On May 7, 2014, a U.S. District Court for the Eastern District of North Carolina enjoined (pdf) coyote hunting in five North Carolina counties that provide a recovery area for the red wolf (Canis rufus), a species listed as endangered under the Endangered Species Act (ESA). In Red Wolf Coalition v. North Carolina Wildlife Resources Commission, No. 2:13-CV-60-BO (N.D.N.C. May 7, 2014), plaintiffs sought to enjoin the North Carolina Wildlife Resources Commission (Commission) from issuing permits for coyote hunting in an area spanning 1.7 million acres. The land serves as a recovery area for the red wolf, a species that was once thought to be extinct in the wild and that the U.S. Fish and Wildlife Service reintroduced in 1987. Current population estimates put the number of red wolves at between 90 and 110 in the wild.
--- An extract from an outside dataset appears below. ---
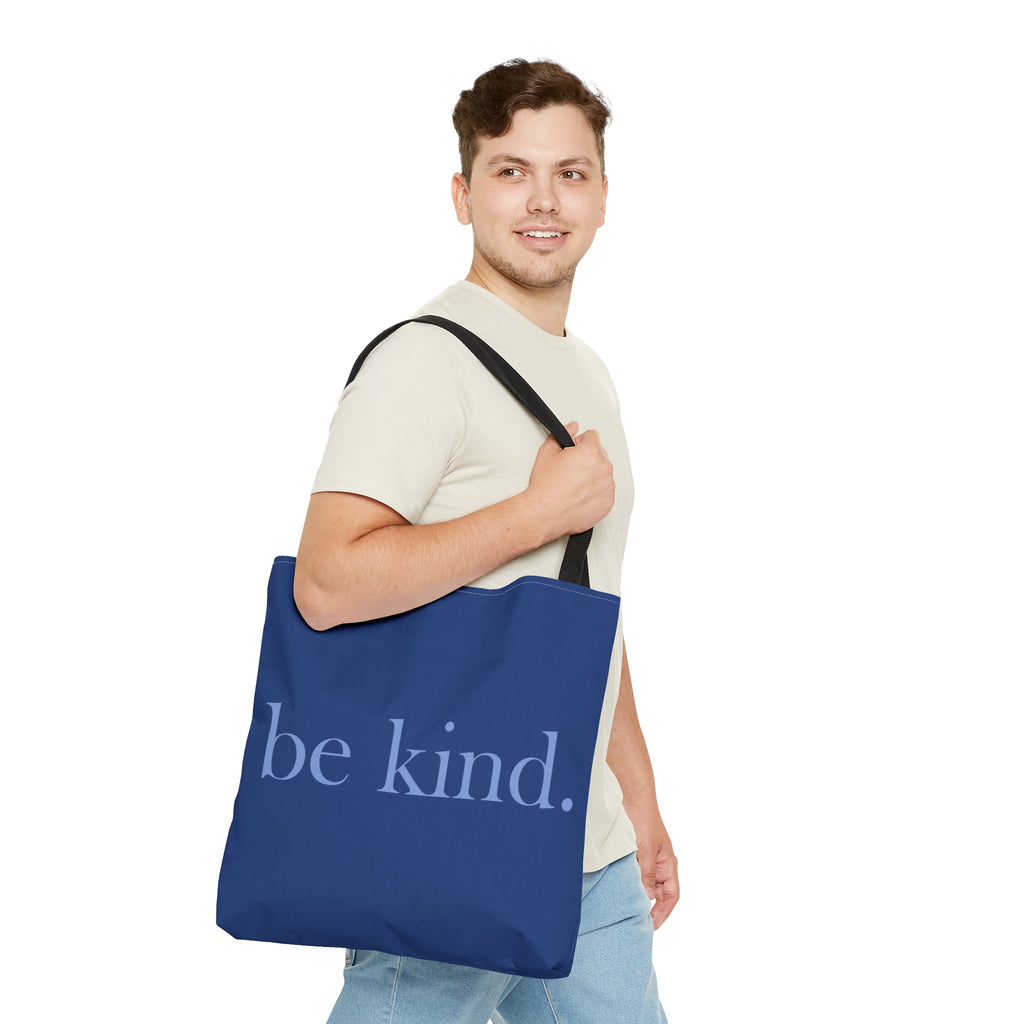 be kind. Large Blue Tote Bag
Plaintiffs claimed that the Commission’s issuance of permits for coyote hunting causes the unlawful take of red wolves in violation of section 9 of the ESA. Plaintiffs alleged that by issuing coyote hunting permits, the Commission significantly increases the likelihood of red wolf deaths due to gunshot wounds, of which there were nine in 2013, because coyotes and red wolves look quite similar. Plaintiffs also asserted that coyote hunting causes harm and harassment to red wolves through the disruption of breeding. The court agreed with the plaintiffs, noting that “[e]ven experts have difficulty distinguishing between coyotes and red wolves when observing them in the field,” and preliminarily enjoined the Commission from authorizing coyote hunting in the red wolf recovery area.

Notably, the court dismissed the claim against the Commission, a state agency, under the Eleventh Amendment, which bars suits against non-consenting states by private individuals in federal court. The court upheld the claims against the Commission’s individual commissioners, however, and issued the injunction based on those claims. The court also rejected the Commission’s argument that red wolves in the North Carolina recovery area should be afforded fewer protections than other species listed under the ESA because they are classified as a “non-essential experimental population,” reasoning that such a distinction would “put the rights of hunters and private landowners above Congress’ clear mandate to prevent the extinction of the red wolf and reintroduce the species to the wild.”

The court will reconsider the preliminary injunction in 180 days.